### EXERCISE PROMPT
Below are some entries. Return exactly the lines from the one with "成人式ふわふわショール ベビーピンク" through the final line, leaving out any pictures.

[Collected data entries]
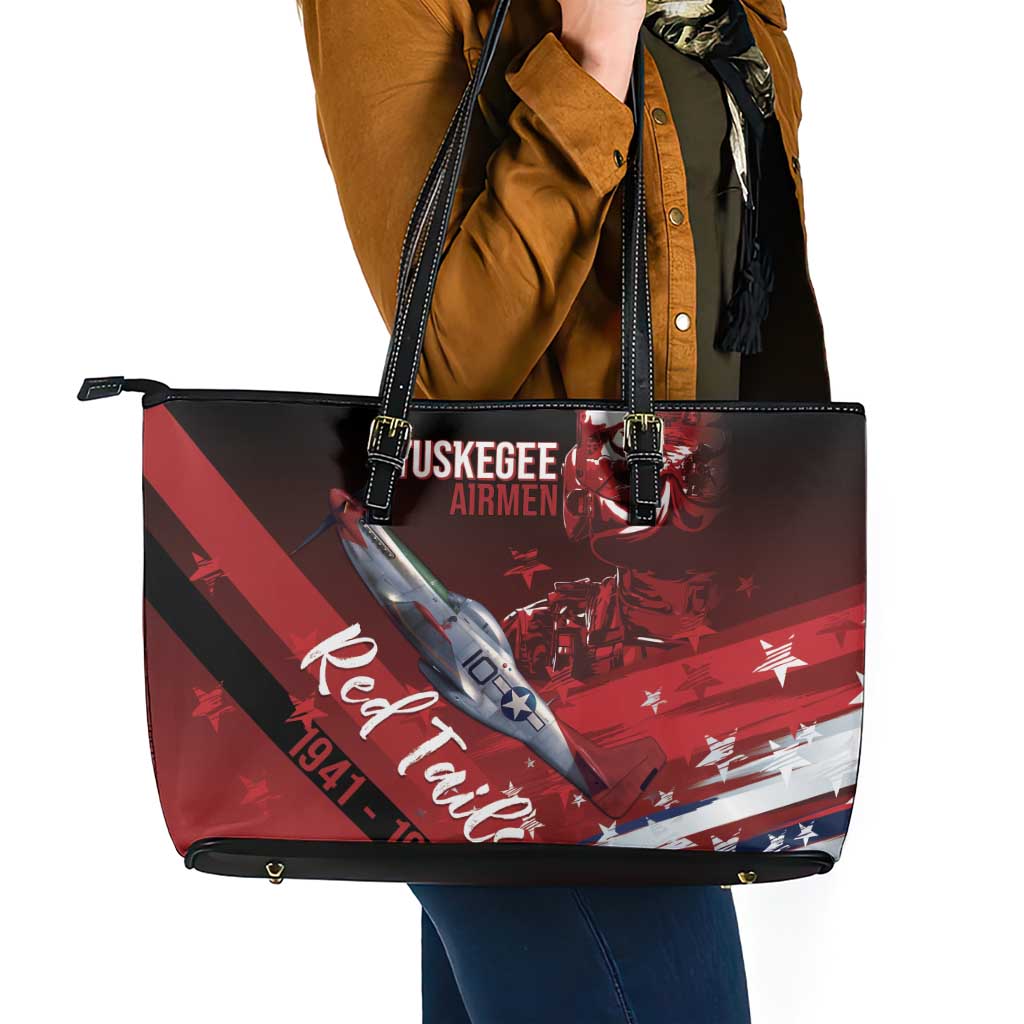 Tuskegee Airmen Red Tails Leather Tote Bag Straighten Up and Fly Right - Black Red - Wonder Print Shop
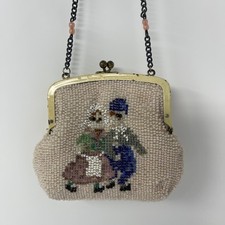 Vintage Czech Micro Beaded Figural W/ Children Boy Girl Child's Or Doll purse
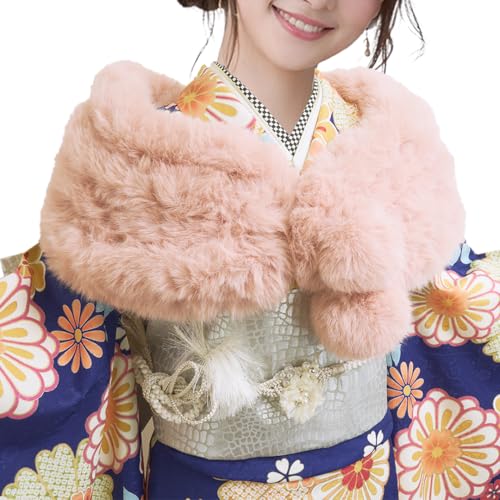 成人式ふわふわショール ベビーピンク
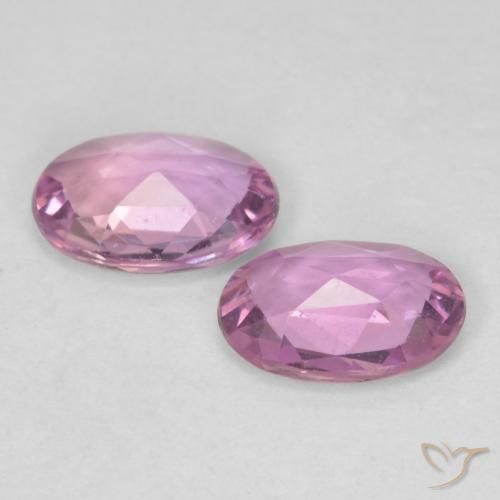 Gemas de Zafiro Rosado púrpura real muy claro natural de 0.78 ct, Ovalada, VVS-VS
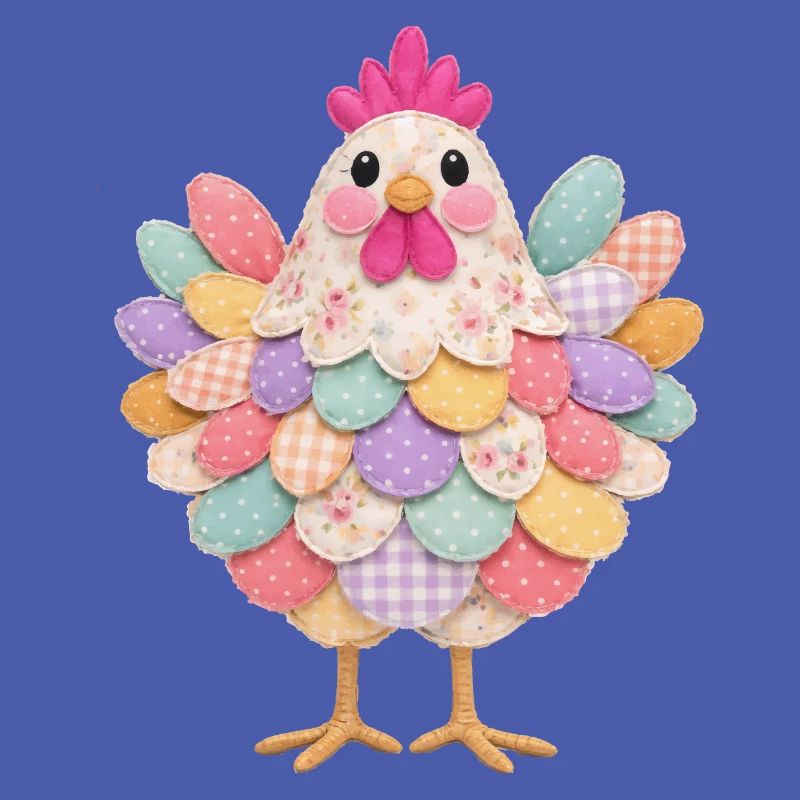 Cute Patchwork Hen Rustic Style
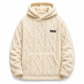 Herre vintergenser med fleecefor, jacquardmønster, lange ermer, pullover-sweatshirt for uformell utendørs bruk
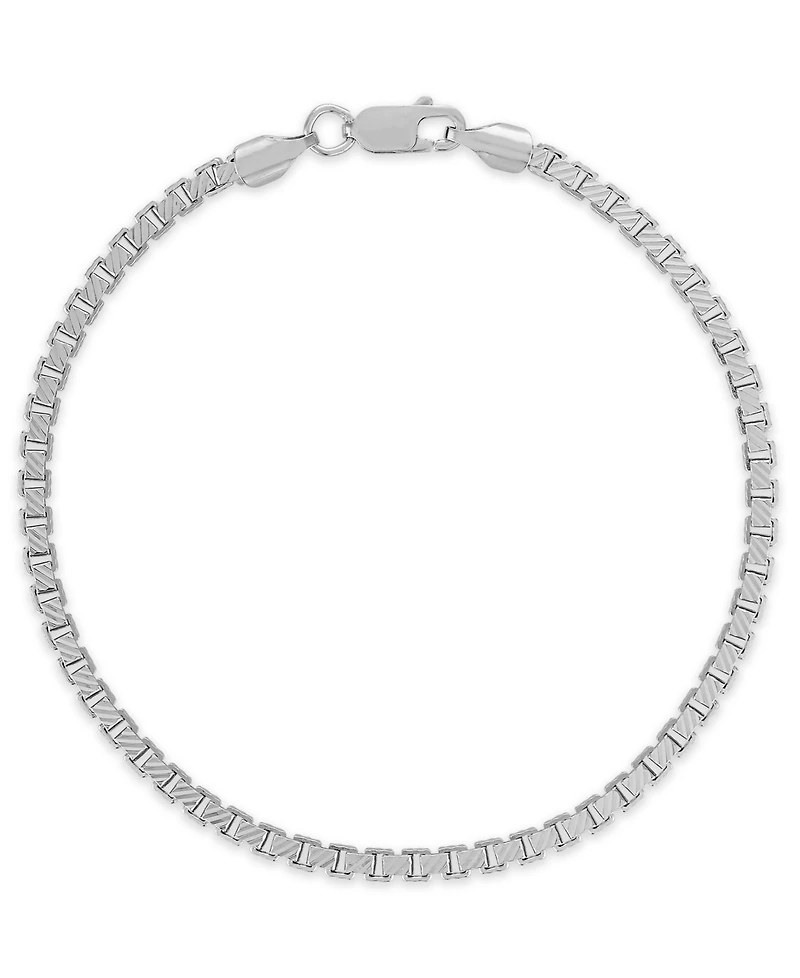 Macy's Men's Pave Diamond-Cut Box Chain Bracelet in Sterling Silver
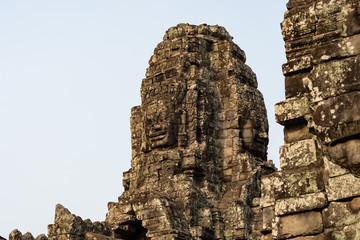 Bayon temple carvings in Angkor Thom 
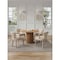 Manhattan Comfort 5-Piece Hathaway 47.24 Round Dining Set in Natural with 4 Palmer Dining Armchairs in Gold Dust 4-DT03DC088AR-NAGD - alternate 1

### SOLUTION TO THIS TASK
 成人式ふわふわショール ベビーピンク
 Gemas de Zafiro Rosado púrpura real muy claro natural de 0.78 ct, Ovalada, VVS-VS
 Cute Patchwork Hen Rustic Style
 Herre vintergenser med fleecefor, jacquardmønster, lange ermer, pullover-sweatshirt for uformell utendørs bruk
 Macy's Men's Pave Diamond-Cut Box Chain Bracelet in Sterling Silver
 Bayon temple carvings in Angkor Thom 
 Manhattan Comfort 5-Piece Hathaway 47.24 Round Dining Set in Natural with 4 Palmer Dining Armchairs in Gold Dust 4-DT03DC088AR-NAGD - alternate 1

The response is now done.